For selective distillation: First, you need train a teacher model, the training script is the same with fairseq.

Second, train selective distillation model. The training script is the same with fairseq, except for the following arguments:

  • add --use-distillation for openning knowledge distillation method.
  • add --teacher-ckpt-path for adding the path of teacher model which has been trained in first step.
  • add --distil-strategy for selecting distillation strategy, such as batch_level, global_level .
  • add --distil-rate , the hyper-parameter $r$ control the number of words to get distillation knowledge, which is 0.5 in this paper .
  • add --difficult-queue-size, the hyper-parameter $Q_{size}$ which control the size of global queue. And it does not need to set when use batch_level strategy. In our method, the most suitable value is 30k for WMT'14 En-De and 50k for WMT'19 Zh-En.

For example, the script for global-level training on WMT'14 En-De. The script of WMT'19 is the same with WMT'14 EN-De.

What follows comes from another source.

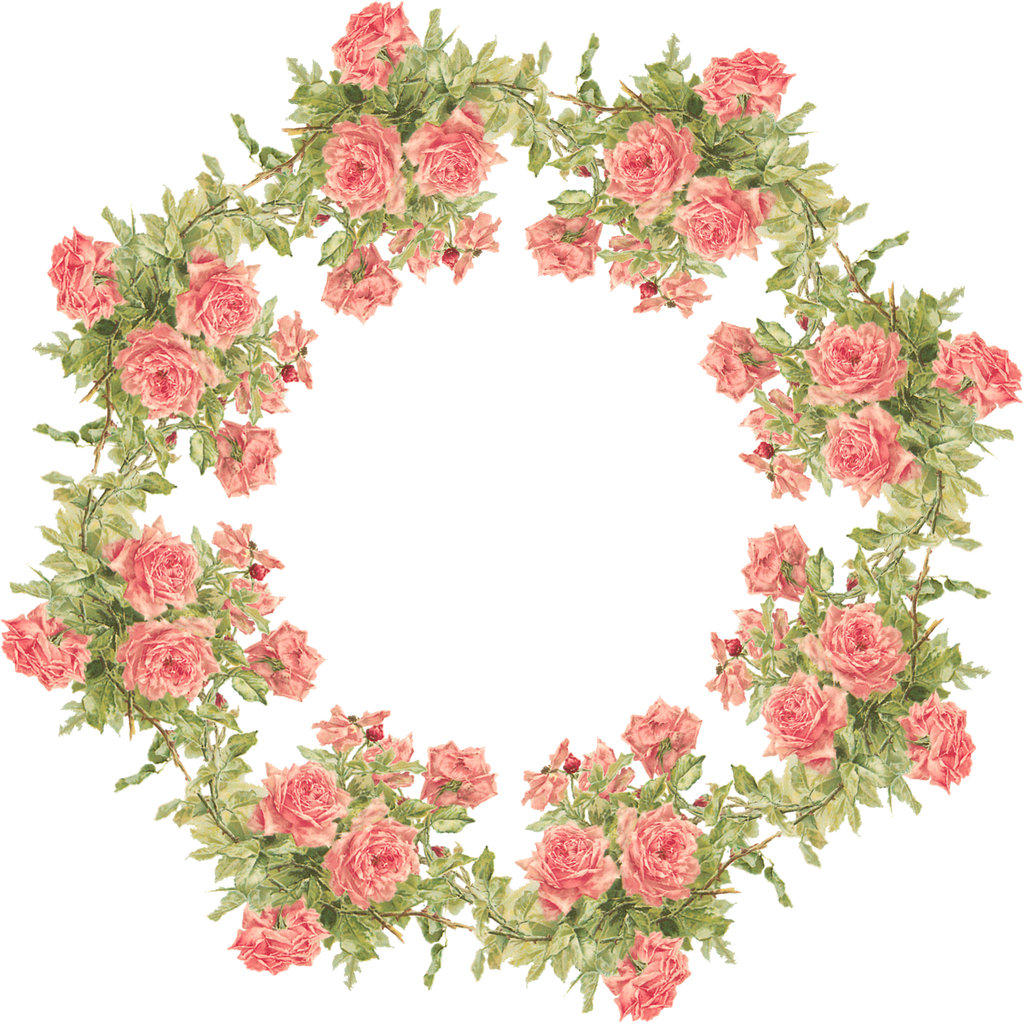 Catherine Klein Peach Roses Digital Elements - Flower Frame Png Transparent (1024x1024)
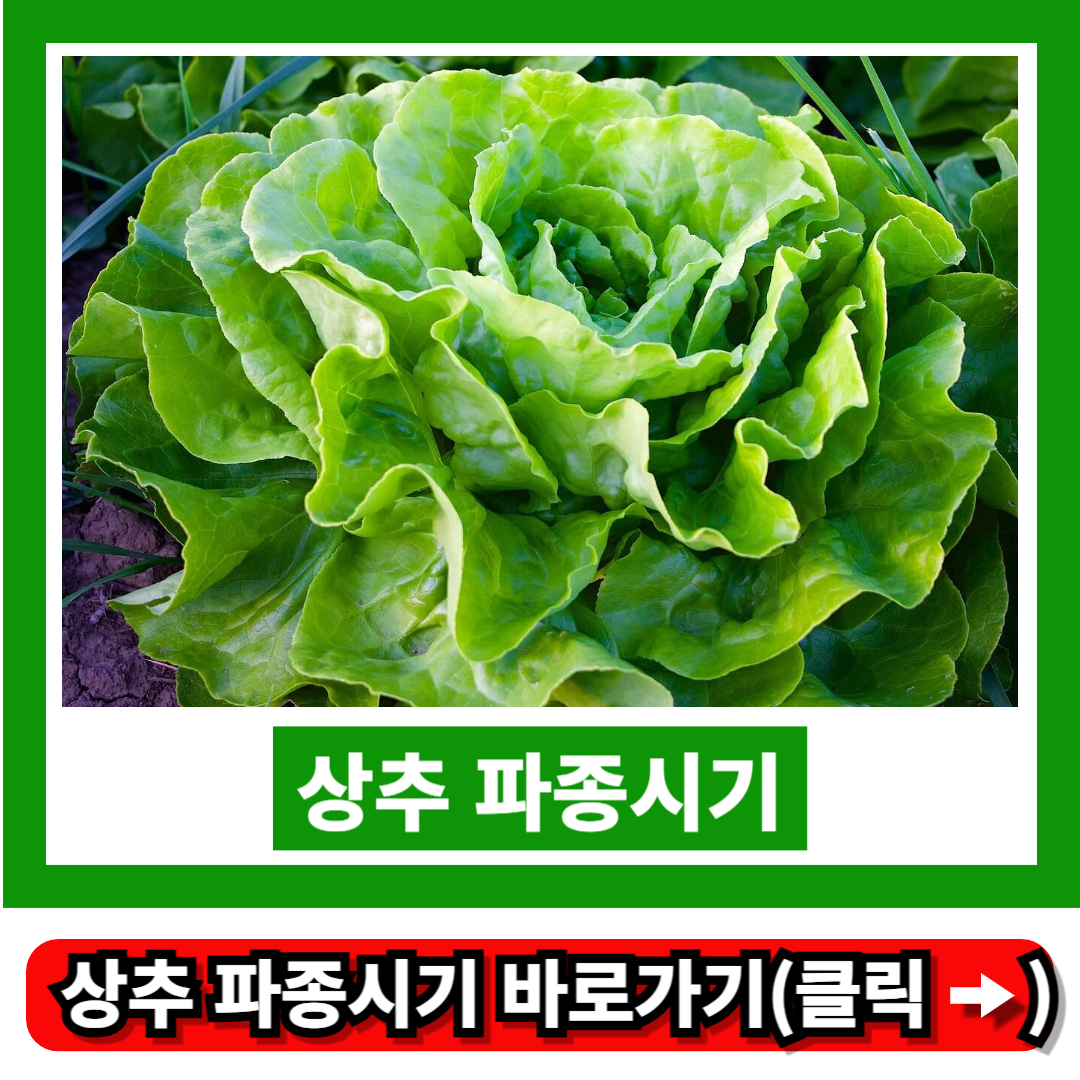 상추 파종시기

output_dir=directory_of_output
teacher_ckpt=path_of_teacher_ckpt/teacher.pt
data_dir=directory_of_data_bin
distil_strategy=batch_level
disitl_rate=0.5
queue_size=30000


export CUDA_VISIBLE_DEVICES=0,1,2,3

fairseq-train $data_dir --arch transformer_wmt_en_de \
    --share-all-embeddings \
    --optimizer adam --adam-betas '(0.9, 0.98)' --clip-norm 0.0 \
    --save-dir $output_dir \
    --max-update 300000 --save-interval-updates 5000 \
    --keep-interval-updates 40 \
    --encoder-normalize-before --decoder-normalize-before \
    --lr 7e-4 --lr-scheduler inverse_sqrt --warmup-updates 4000 \
    --weight-decay 0.0 \
    --criterion label_smoothed_cross_entropy --label-smoothing 0.1 \
    --max-tokens 4096 \
    --eval-bleu \
    --eval-bleu-args '{"beam": 4, "max_len_a": 1.2, "max_len_b": 10}' \
    --eval-bleu-detok moses \
    --eval-bleu-remove-bpe \
    --eval-bleu-print-samples \
    --best-checkpoint-metric bleu --maximize-best-checkpoint-metric \
    --update-freq 2 --no-epoch-checkpoints \
    --use-distillation --teacher-ckpt-path $teacher_ckpt  --distil-strategy $distil_strategy --distil-rate $disitl_rate \
    --difficult-queue-size $queue_size

Note

  • We need to test every checkpoints separately on validation set, and choose the checkpoint which performs the best. Since the checkpoint_best.pt and the log generated by default may be not right.